> _EXERCISE_
Starting with the line that contains "Khuyến học Thanh", copy every line through the end of the listing, exactly and only those. No pictures should appear in the copy.

> _INFORMATION SUPPLIED_

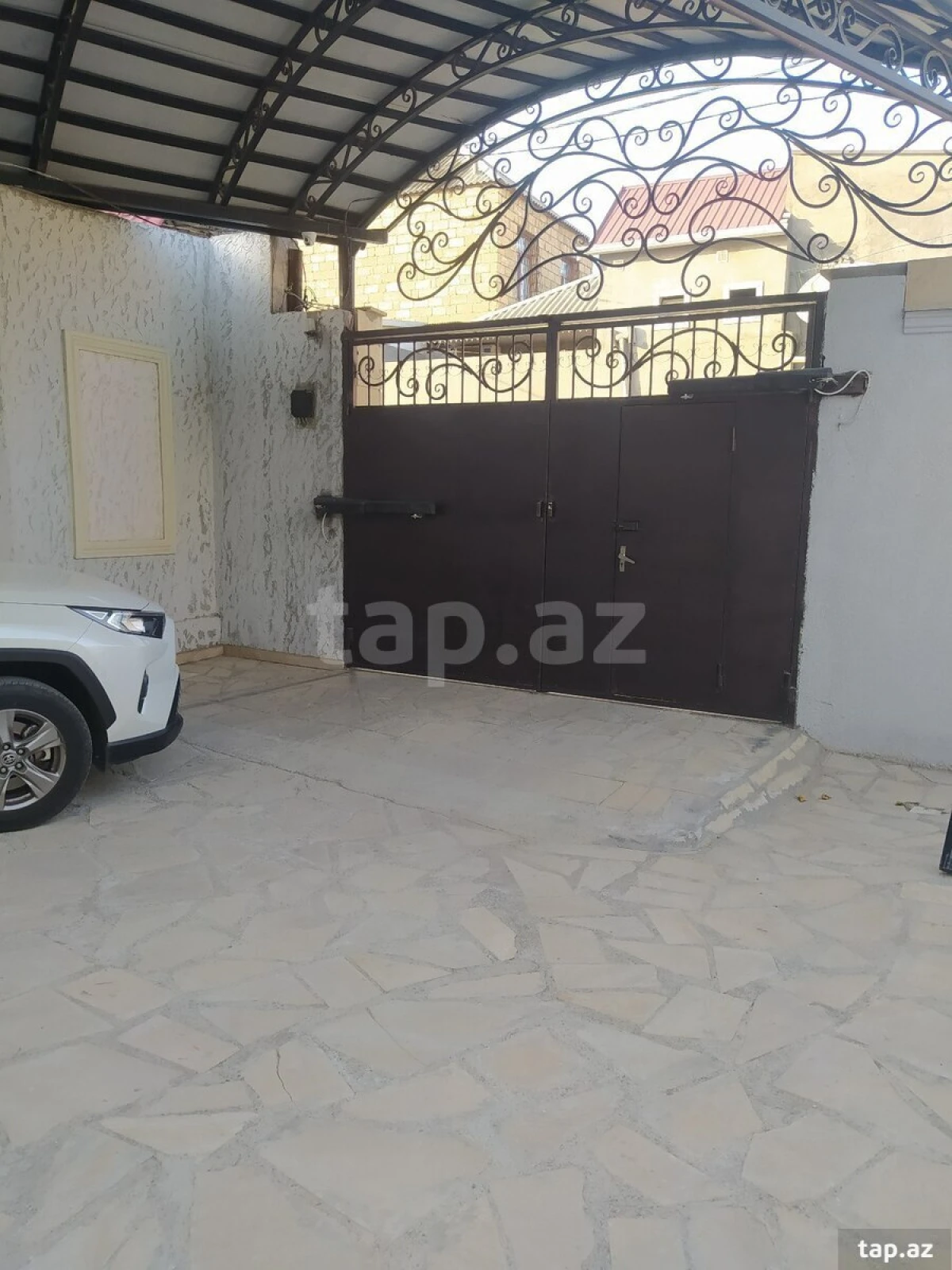 Satılır 6 otaqlı həyət evi 180 m²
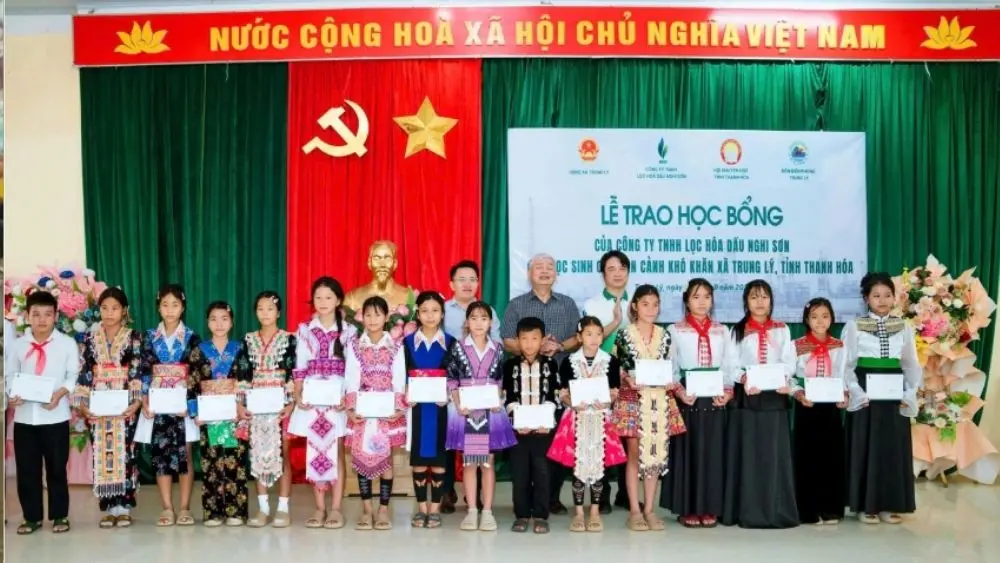 Khuyến học Thanh Hóa huy động hơn 135 tỷ đồng, trao học bổng, phần thưởng cho học sinh, sinh viên và giáo viên.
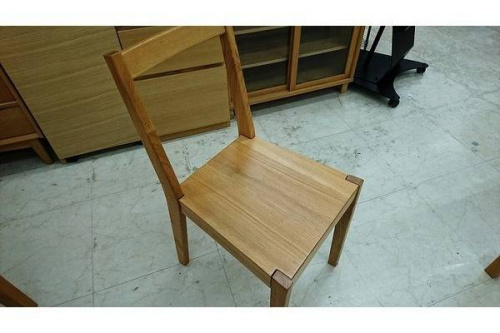 無印良品のダイニングテーブル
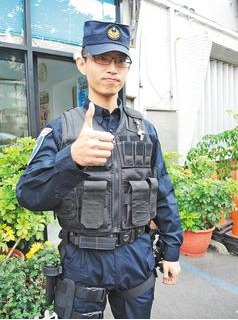 醉翁骑车坠泥田险窒息警员冲入烂泥救人被封英雄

> _RESPONSE TO THIS EXERCISE_
 Khuyến học Thanh Hóa huy động hơn 135 tỷ đồng, trao học bổng, phần thưởng cho học sinh, sinh viên và giáo viên.
 無印良品のダイニングテーブル
 醉翁骑车坠泥田险窒息警员冲入烂泥救人被封英雄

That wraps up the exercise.